◆ TASK PROMPT: In your copy, include every line of the records exactly and no picture at all.

◆ AVAILABLE DATA:
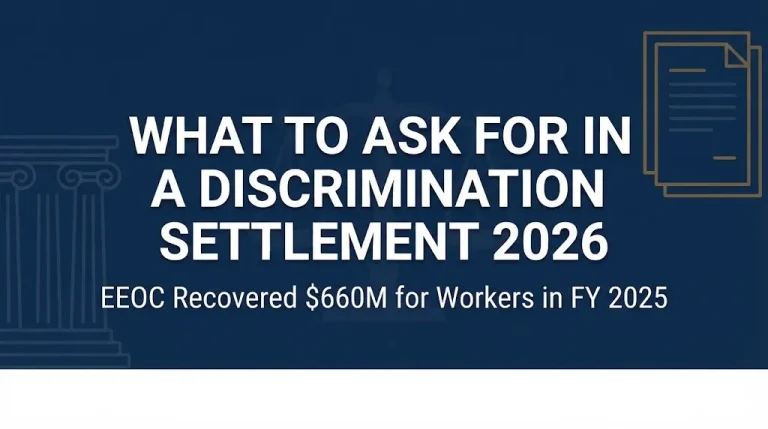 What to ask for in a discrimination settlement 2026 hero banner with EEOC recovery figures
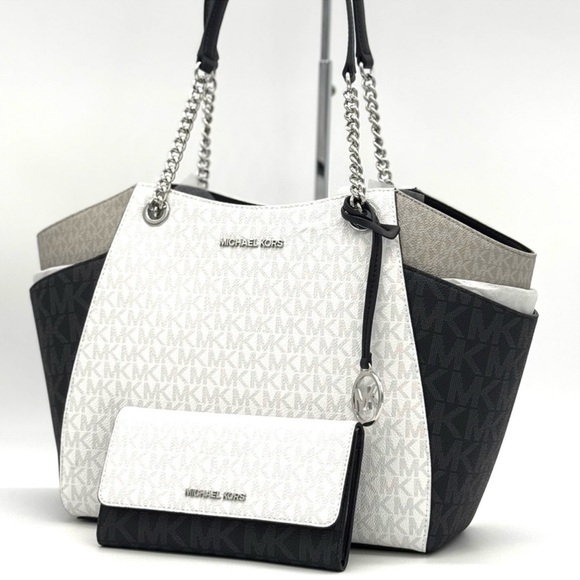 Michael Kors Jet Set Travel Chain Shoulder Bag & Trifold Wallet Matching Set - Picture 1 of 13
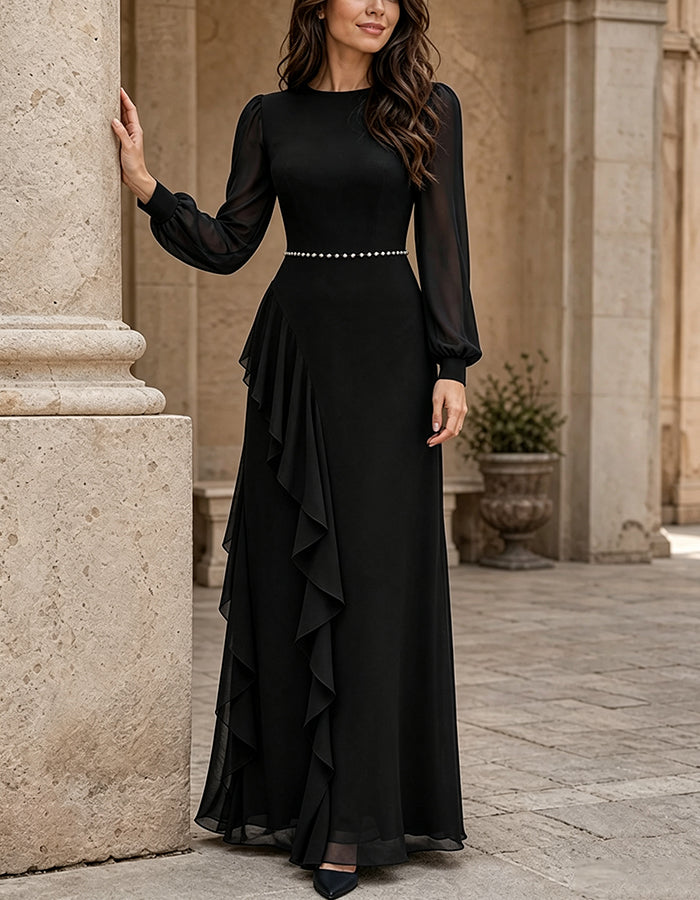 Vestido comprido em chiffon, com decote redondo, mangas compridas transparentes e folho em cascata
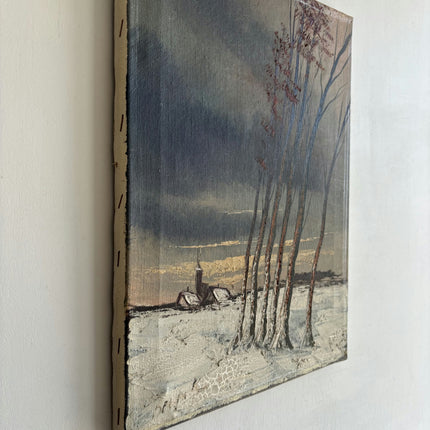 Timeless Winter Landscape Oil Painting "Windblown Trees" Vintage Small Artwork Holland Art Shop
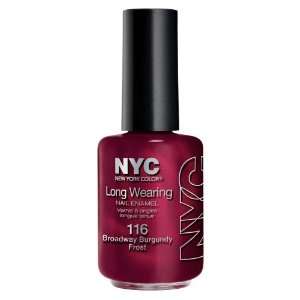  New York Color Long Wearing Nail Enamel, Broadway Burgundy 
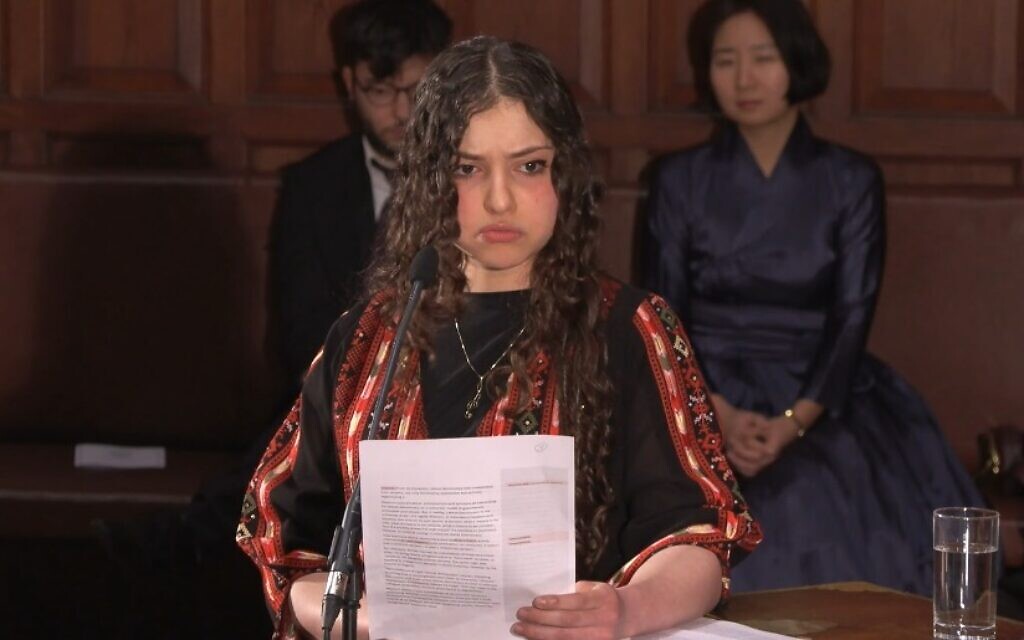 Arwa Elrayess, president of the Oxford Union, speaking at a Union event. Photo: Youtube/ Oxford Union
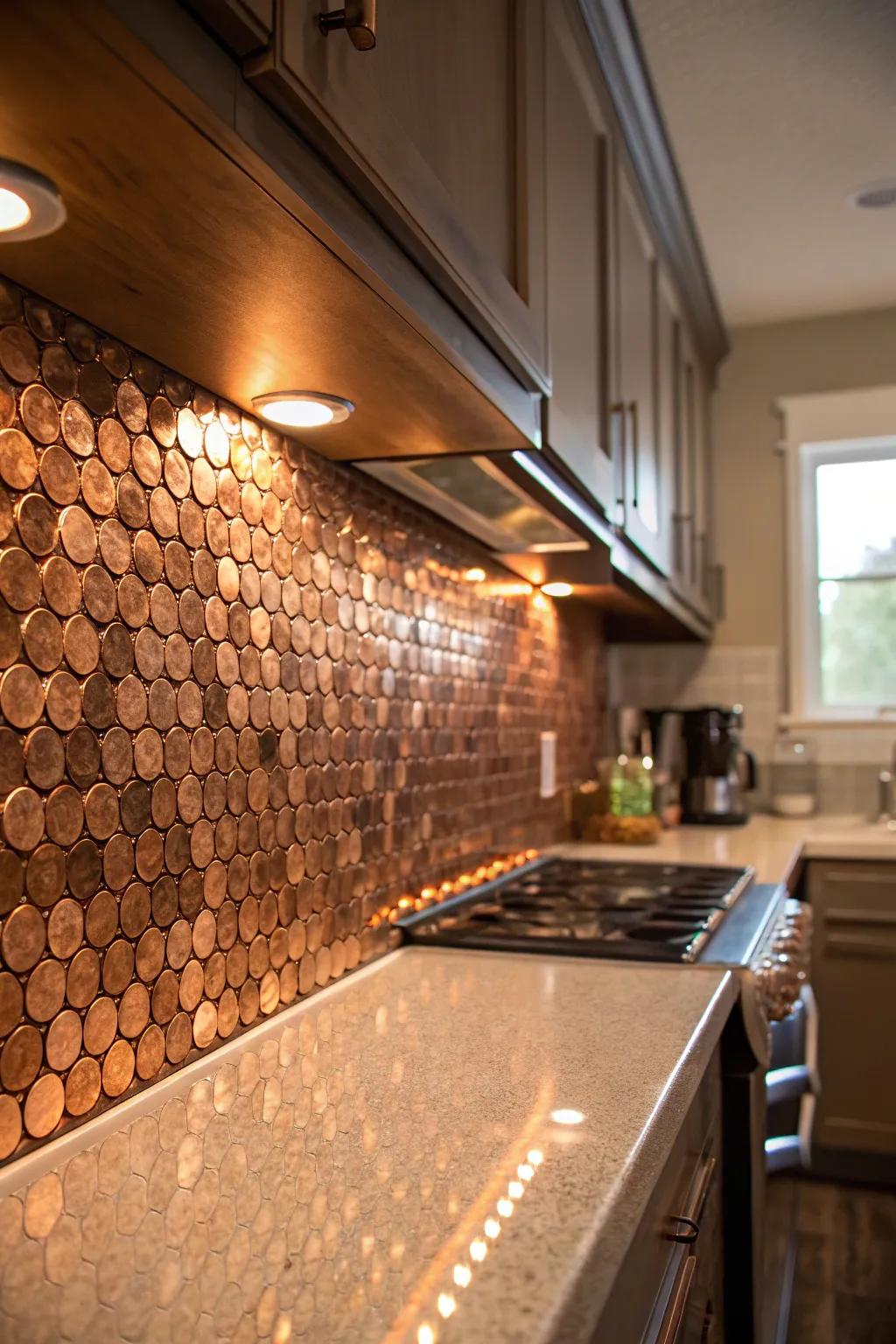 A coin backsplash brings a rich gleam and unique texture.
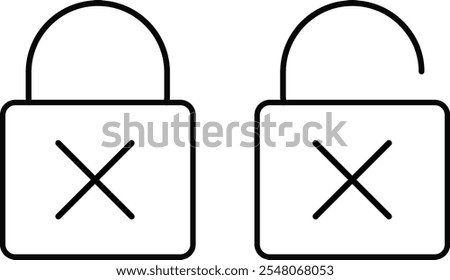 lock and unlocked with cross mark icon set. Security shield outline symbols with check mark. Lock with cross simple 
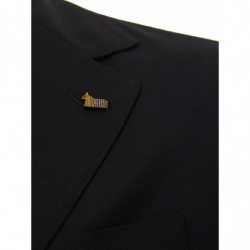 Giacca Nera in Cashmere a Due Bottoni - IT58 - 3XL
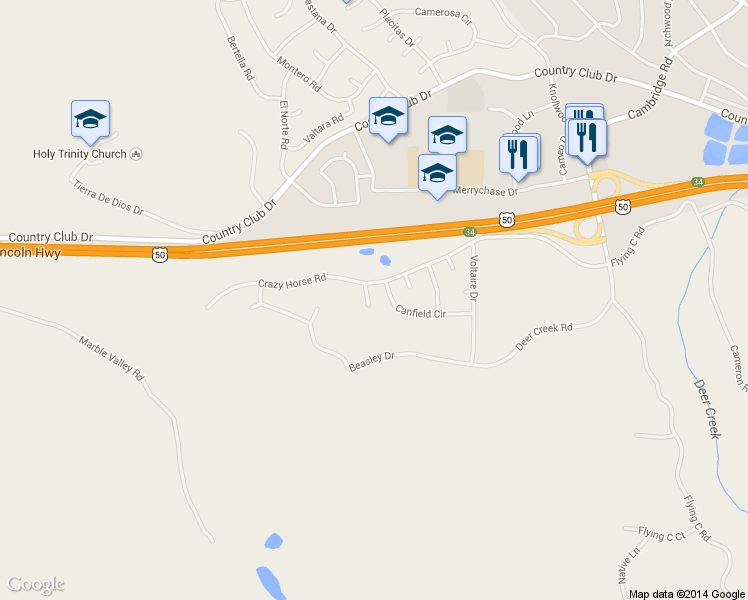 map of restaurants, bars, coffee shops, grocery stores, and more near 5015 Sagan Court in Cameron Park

◆ EXPECTED ANSWER:
 What to ask for in a discrimination settlement 2026 hero banner with EEOC recovery figures
 Michael Kors Jet Set Travel Chain Shoulder Bag & Trifold Wallet Matching Set - Picture 1 of 13
 Vestido comprido em chiffon, com decote redondo, mangas compridas transparentes e folho em cascata
 Timeless Winter Landscape Oil Painting "Windblown Trees" Vintage Small Artwork Holland Art Shop
  New York Color Long Wearing Nail Enamel, Broadway Burgundy 
 Arwa Elrayess, president of the Oxford Union, speaking at a Union event. Photo: Youtube/ Oxford Union
 A coin backsplash brings a rich gleam and unique texture.
 lock and unlocked with cross mark icon set. Security shield outline symbols with check mark. Lock with cross simple 
 Giacca Nera in Cashmere a Due Bottoni - IT58 - 3XL
 map of restaurants, bars, coffee shops, grocery stores, and more near 5015 Sagan Court in Cameron Park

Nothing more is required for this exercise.